Zack relented with a sigh. “OK, so show me this mysterious, flying, invisible gun then.”

“There. That flash of light.”

He leaned in, squinting at the screen. “You're kidding me, right? That's nothing. It's a light from another plane or a smudge on the camera lens, that's all.”

“So why did those planes fall out of the sky?”

“How should I know? I can fly, but that doesn't make me an expert on airplane engineering. And you aren't one either. Just because you don't understand what happened doesn't mean you can jump to ridiculous conclusions.” He shook his head sadly. “You can't go through life seeing supervillains everywhere.”

There was no point trying to persuade him. After all, he wasn't the only superhero in the world anymore. Tomorrow I'd fill Lara in on my suspicions—even if I had to do it over veggie lasagna.

Mom called us in for dinner. The four of us ate in the kitchen together as usual. Zack might have been the one with superpowered senses, but as soon as I took my seat, I could tell that something was wrong. A cloud hung over the table, and it wasn't coming from the steamed rice. I didn't have to wait long to learn the bad news.

Dad had lost his job with the insurance company.

“Did they fire you because you disobeyed orders and went rogue?” I asked.

“Unfortunately not, Luke,” he said, picking at his food with a fork. “Nothing as exciting as that. With all the money the company has had to pay out because of Nemesis, they're having to cut back.”

Zack sat up. “But that's not fair,” he said. “Nemesis was, what do you call it, an ‘act of god'?”

“You're right,” said Dad. “But all those chunks of asteroid that broke off when Star Guy stopped Nemesis—well, they were an act of man, albeit a superhuman one, and they smashed houses and cars. Those were claims.”

I looked over at my brother. He was clenching his fists so tightly they'd turned white.

“I'm just a victim of downsizing,” said Dad. He lifted his fork. “Which, before you ask, yes, is
exactly
like a shrink ray.” He gave a short laugh. Mom laid her hand on his.

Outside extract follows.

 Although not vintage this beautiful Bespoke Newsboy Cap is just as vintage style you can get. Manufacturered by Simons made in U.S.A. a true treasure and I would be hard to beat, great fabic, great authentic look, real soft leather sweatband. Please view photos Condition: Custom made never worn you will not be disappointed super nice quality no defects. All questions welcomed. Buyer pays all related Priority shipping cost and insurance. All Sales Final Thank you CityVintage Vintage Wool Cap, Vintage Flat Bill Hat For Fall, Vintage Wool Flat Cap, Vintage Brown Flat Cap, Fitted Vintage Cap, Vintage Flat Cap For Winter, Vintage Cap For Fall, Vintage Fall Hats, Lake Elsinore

I knew that downsizing was nothing like a shrink ray. Shrink rays were expensive and complicated, and the idea that an insurance company would use one to fire people was ridiculous. The electricity bill alone would make it uneconomic. I looked around at the concerned faces at the table. Everyone was thinking the same thing, but no one wanted to ask. It was up to me. “So,” I began, choosing my words with care, “will you get another job, or are you going to be hanging around the house from now on?”

“Luke!” Mom snapped.

“You idiot!” Zack punched me in the arm.

Dad just laughed. “Don't you worry about me, Luke. That job was like the Hobbit movies: it went on
way
too long. A fresh start will be good for me. I can't wait to see what the future has in store. Bring it on!”

And then he sighed and looked down at his salmon fillet.